Mike Reisbig moored his boat there on an August afternoon. The Huntington Beach man, a football coach at Long Beach City College in California, has been coming to Temple Bar for about 50 years.
“I’ve noticed a lot of changes,” he said. “I’ve been here when the water’s all the way up, going to the spill wells, to where it is today. It’s a scary sight. You don’t know whether you’re going to be able to get your boat on the water anymore or not. It’s such a beautiful place. It’s the only place I’ll bring this boat. … It’s getting scarier each year, trying to figure out how to get it in the water. We seem to figure out a way and get it in. This is the best lake I’ve ever been to, and I’m going to keep going.”
His parents discovered the lake decades ago.
“It just has become one of those things the family does,” Reisbig said. “Believe it or not, I brought a 3-month-old baby up here with this heat in this boat, so she could experience this lake. I know she doesn’t remember any of it, but she comes up here every year. It’s just what the family does. I have yet to find a better place to bring a boat. It’s perfect out here. You’ve got your rough days, and you’ve got your beautiful days. It’s just perfect. It doesn’t get better.”
Like Reisbig, hydrologists, policy analysts and researchers are figuring out ways to keep going in the arid West. Here you’ll hear about technology and innovation behind water.
Straws in the ocean
It’s possible that the West will someday get to the point where new water supplies need to be found. One possibility being discussed in Arizona is building a plant to remove salt from seawater in Mexico on the Gulf of California.
The idea is in the early stages, but the broad outline of how it would work goes like this: Arizona builds it, Mexico uses it, and we take their Colorado River allotment.
Building — and permitting — a plant in California would be so expensive it’s not on the table.
“A lot of people are very pessimistic about desalination and its future,” Rhett Larson said. “I’m one of the optimists. I actually think that it’s going to be a big part of water-supply solutions, and probably sooner than people realize.
“The technology’s come a lot further. A lot of people think about desalination as just, ‘Well, it’s insanely expensive and nobody will ever do it,’ but the technology has come a long way and I think it has a really bright future.”
Larson is a fifth-generation Arizonan.
“I grew up worrying about water,” he said. “I’m one of the weirdos who actually went to law school wanting to be a water lawyer.”
Larson, an associate professor in the Sandra Day O’Connor College of Law at Arizona State University, is a senior research fellow with the Morrison Institute of Public Policy and sits on the advisory board of the Morrison Institute’s Kyl Center for Water Policy.
A privately owned desalination plant opened in Carlsbad, California, last December.

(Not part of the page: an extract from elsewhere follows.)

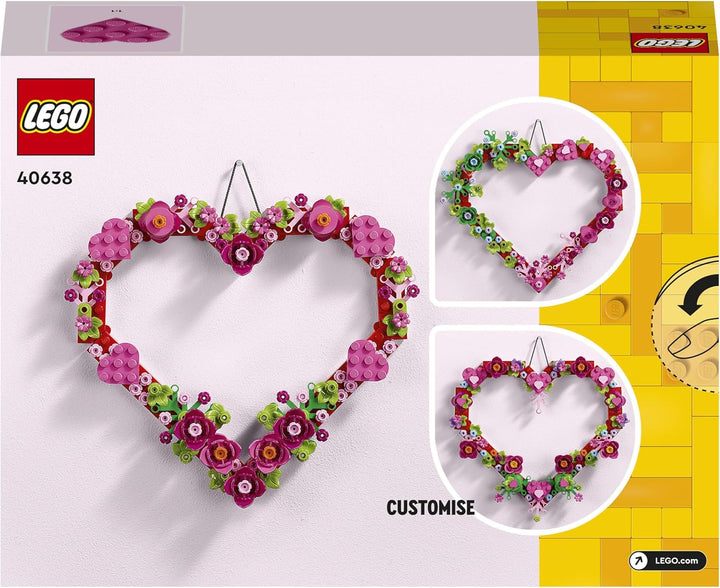Set de decorațiuni cu inimă LEGO, jucărie de construit pentru copii, fete și băieți de la 9 ani, decorațiuni pentru camera copiilor sau accesorii de perete, idee de cadou pentru Ziua Îndrăgostiților, Ziua Mamei sau ziua de naștere 40638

Under a 30-year operating agreement with the San Diego County Water Authority, the plant produces 56,000 acre-feet per year. Most water managers call an acre-foot — one acre covered by water a foot deep — enough water for a suburban family for a year.
“That water’s cheaper for San Diego (residents) than pumping the water from the Colorado River,” said Larson, pointing out that the river water would require the construction of a pipeline across the state.
Sarah Porter, director of the Kyl Center for Water Policy at ASU, is not a believer.
“I think a lot of the talk about desal (desalination) is wishful thinking,” she said. “People want an easy fix.”
Desal water from the Carlsbad plant is selling at more than $2,000 per acre-foot. SRP water is about $16 per acre-foot. Putting $2,000 acre-foot water on crops doesn’t make any sense.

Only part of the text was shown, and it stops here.